● **Instructions to follow**
Every line from the line containing "86 Snapping Turtle" through the final line below must be returned exactly, and no other line.

::: Extracted entries

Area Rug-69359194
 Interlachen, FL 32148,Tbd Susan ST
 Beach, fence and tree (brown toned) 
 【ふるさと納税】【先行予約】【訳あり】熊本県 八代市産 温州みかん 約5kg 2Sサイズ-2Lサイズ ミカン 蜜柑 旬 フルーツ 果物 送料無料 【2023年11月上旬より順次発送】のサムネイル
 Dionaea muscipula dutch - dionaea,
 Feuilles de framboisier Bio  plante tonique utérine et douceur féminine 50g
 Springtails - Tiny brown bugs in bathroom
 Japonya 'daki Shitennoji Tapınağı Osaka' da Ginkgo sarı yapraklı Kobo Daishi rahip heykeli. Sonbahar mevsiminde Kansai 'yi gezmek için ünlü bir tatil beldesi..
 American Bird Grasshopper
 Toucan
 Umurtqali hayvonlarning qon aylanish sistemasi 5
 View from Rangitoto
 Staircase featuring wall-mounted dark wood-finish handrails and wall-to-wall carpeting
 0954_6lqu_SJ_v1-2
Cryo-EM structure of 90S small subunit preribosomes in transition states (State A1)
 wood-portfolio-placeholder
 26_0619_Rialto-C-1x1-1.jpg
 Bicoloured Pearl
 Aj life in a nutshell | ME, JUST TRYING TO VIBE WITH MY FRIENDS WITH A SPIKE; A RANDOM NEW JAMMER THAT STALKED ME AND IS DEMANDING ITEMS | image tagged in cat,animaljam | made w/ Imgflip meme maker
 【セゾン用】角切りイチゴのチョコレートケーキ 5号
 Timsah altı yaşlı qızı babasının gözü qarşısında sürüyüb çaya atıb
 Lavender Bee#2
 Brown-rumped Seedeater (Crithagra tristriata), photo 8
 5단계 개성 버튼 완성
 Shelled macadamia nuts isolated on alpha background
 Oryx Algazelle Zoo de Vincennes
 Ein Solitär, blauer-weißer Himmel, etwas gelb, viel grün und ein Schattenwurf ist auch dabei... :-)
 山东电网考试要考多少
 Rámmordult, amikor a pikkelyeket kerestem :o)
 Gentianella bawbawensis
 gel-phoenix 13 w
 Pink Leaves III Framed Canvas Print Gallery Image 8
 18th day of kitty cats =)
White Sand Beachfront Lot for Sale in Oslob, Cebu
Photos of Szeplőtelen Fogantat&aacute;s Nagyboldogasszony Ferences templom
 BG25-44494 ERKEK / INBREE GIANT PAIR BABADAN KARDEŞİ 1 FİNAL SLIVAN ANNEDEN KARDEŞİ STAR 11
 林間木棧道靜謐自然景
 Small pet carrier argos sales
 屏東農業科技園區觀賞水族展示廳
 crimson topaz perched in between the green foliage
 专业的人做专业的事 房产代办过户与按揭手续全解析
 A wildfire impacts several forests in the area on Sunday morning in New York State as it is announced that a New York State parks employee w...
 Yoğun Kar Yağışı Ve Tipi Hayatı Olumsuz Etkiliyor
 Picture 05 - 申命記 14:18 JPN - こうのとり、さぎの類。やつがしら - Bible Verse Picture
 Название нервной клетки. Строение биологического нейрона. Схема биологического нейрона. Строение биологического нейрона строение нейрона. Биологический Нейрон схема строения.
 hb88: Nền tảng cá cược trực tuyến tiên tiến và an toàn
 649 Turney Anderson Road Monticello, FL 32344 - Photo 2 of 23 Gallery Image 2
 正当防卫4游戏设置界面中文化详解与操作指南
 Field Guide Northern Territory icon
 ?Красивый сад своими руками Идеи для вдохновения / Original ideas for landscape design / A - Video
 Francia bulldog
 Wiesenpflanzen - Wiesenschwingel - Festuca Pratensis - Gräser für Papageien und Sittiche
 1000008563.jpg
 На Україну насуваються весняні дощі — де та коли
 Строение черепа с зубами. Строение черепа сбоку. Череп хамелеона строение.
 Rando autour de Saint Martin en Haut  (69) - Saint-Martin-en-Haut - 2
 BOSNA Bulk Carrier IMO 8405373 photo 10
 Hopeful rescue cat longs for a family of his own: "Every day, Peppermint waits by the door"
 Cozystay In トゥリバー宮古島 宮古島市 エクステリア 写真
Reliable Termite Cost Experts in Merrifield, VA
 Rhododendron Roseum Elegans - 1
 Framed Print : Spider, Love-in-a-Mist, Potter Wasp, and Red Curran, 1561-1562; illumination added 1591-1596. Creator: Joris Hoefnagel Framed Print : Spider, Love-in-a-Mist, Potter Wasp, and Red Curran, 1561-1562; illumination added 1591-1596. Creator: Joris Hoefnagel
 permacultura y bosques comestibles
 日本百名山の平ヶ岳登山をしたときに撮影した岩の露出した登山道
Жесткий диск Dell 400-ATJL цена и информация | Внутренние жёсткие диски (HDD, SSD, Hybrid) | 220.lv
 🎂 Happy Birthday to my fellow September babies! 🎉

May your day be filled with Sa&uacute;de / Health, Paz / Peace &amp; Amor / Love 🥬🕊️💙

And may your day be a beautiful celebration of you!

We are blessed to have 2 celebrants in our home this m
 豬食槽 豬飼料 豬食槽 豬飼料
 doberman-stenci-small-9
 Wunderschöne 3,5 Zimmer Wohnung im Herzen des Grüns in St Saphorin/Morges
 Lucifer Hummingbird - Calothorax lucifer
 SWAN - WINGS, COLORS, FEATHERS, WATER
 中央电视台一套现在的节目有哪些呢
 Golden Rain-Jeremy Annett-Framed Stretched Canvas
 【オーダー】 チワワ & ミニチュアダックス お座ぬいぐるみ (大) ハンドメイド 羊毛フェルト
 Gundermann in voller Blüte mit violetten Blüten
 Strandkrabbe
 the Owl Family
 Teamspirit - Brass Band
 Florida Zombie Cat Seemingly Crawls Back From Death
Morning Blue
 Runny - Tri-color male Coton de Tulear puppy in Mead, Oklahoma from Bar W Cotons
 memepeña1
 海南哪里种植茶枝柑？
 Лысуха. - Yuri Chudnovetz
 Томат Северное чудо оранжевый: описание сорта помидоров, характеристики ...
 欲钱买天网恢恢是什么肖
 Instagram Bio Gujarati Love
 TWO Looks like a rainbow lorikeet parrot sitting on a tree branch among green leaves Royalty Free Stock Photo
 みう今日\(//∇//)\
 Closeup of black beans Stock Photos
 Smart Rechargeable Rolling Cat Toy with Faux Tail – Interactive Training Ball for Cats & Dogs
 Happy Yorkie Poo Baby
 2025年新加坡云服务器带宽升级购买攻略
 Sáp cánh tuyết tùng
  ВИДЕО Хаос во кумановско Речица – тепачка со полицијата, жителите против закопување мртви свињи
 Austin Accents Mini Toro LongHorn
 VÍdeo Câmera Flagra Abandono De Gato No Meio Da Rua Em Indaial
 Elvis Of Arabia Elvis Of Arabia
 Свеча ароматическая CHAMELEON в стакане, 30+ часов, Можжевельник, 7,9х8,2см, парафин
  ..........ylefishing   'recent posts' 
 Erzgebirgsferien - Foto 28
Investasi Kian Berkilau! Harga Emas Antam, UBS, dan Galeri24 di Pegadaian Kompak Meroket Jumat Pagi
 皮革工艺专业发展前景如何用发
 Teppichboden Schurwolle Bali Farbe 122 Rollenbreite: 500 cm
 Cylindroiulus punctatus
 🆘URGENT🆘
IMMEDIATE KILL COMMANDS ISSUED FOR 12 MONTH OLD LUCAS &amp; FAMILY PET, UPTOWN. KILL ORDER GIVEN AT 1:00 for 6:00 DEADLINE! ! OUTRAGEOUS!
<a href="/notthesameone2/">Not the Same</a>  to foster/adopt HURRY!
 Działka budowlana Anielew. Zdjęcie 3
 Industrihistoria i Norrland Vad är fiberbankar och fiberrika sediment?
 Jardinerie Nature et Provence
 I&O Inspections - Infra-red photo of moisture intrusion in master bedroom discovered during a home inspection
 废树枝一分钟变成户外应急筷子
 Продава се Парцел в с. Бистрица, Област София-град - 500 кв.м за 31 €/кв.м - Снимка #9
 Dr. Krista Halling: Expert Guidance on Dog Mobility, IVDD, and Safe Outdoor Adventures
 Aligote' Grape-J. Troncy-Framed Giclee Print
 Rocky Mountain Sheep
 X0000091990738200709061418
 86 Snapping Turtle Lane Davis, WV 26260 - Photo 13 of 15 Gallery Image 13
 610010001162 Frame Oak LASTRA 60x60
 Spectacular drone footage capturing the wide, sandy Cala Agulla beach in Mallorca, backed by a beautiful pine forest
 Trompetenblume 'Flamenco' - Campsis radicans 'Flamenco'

::::::

● **Answer below**
 86 Snapping Turtle Lane Davis, WV 26260 - Photo 13 of 15 Gallery Image 13
 610010001162 Frame Oak LASTRA 60x60
 Spectacular drone footage capturing the wide, sandy Cala Agulla beach in Mallorca, backed by a beautiful pine forest
 Trompetenblume 'Flamenco' - Campsis radicans 'Flamenco'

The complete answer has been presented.